Three years since the brutal end of the armed conflict, there is now growing international acknowledgement that Sri Lanka has yet to reach a state of peace. The Sri Lankan state’s intensified crackdown in the Tamil homeland has led to expressions of concern and criticism from international actors, along with global acts of solidarity from Tamils in the Diaspora. However, international concern can only effect a meaningful change in the island’s poisoned ethnic relations if it tackles the rationale of Sinhala supremacy that underpins the state’s behaviour; a rationale long recognised by the Tamils.
 
The brutality of the Jaffna crackdown is indicative of the Sinhala polity’s edgy apprehensiveness. Paranoid about threats to the Sinhala Buddhist order, the Sinhala state is swift to quash any flicker of Tamil dissent. There are no bounds to the measures that can be taken. From the frenzied destruction of cemeteries, to armed troops forcibly removing bells from temples and the raiding of student dormitories, not a single act of Tamil national remembrance will be permitted. Even the most miniscule act of defiance, the tiniest candle in the smallest room, will provoke an overwhelming backlash from the state.
 
The predictable invocation of the ‘terrorism’ label is simply part of the ongoing attempts to crush all and any perceived threats to the Sinhala ethnocracy. The labelling of Tamil dissent as 'terrorism' is not a new phenomenon, but a well worn tactic that has persisted throughout the post-independence history of Sri Lanka, and continued long after the end of the war.
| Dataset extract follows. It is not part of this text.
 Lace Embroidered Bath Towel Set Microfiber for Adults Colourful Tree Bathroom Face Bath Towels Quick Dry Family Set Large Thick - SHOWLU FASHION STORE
This has not been limited to those on the island either. Tamils in the Diaspora are now labelled as the 'rump of the LTTE' and 'terrorist supporters'. The terrorist label is even extended to non Tamil critics of the Sinhala state characterised as 'white tigers' and worse. The rhetoric is of course intended to slur, defame, delegitimise and criminalise perceived threats to the Sinhala order.
 
For the Tamils, the current behaviour of the state follows a long and well established pattern of violent repression. And it was in spite of this that these poignant acts of defiance were held. The lighting of candles that day was a modest act of mourning and remembrance that also expressed the tenacity of Tamil aspirations, persistent amidst intensifying Sinhala oppression. It showed resolve, resilience and resistance.
 
As Sinhala oppression intensifies, Tamil defiance will continue to be intractable, despite the faltering Tamil leadership in Colombo. The recent comments made by the TNA leader, R Sampanthan, in which he deployed the Sinhala state’s language of ‘terrorism’ demonstrates how utterly out of sync he is with Tamil sentiments on the ground. Limited by his fixation with Colombo’s parochial politics, Sampanthan is also fast losing touch with shifting international realities. In short he is rapidly becoming an 'unspeakable nonentity’, joining other Tamil apologists for Sinhala ethnocracy who have long since faded from memory or sunk into irrelevance.
 
As the New Year unfolds, Sri Lanka’s reality will continue to be defined by the persistence of Tamil aspirations for self rule amidst increasingly frantic Sinhala oppression. The state will continue its violent pursuit of Sinhala Buddhist order across the Tamil homeland but it has not and will not succeed in securing Tamil submission. Those in the international community who are genuinely committed to securing lasting peace and stability must now work to contain the Sinhala ethnocracy, for as long as it remains unchecked, oppression will intensify. And, as students in Jaffna have clearly demonstrated, so too will resistance.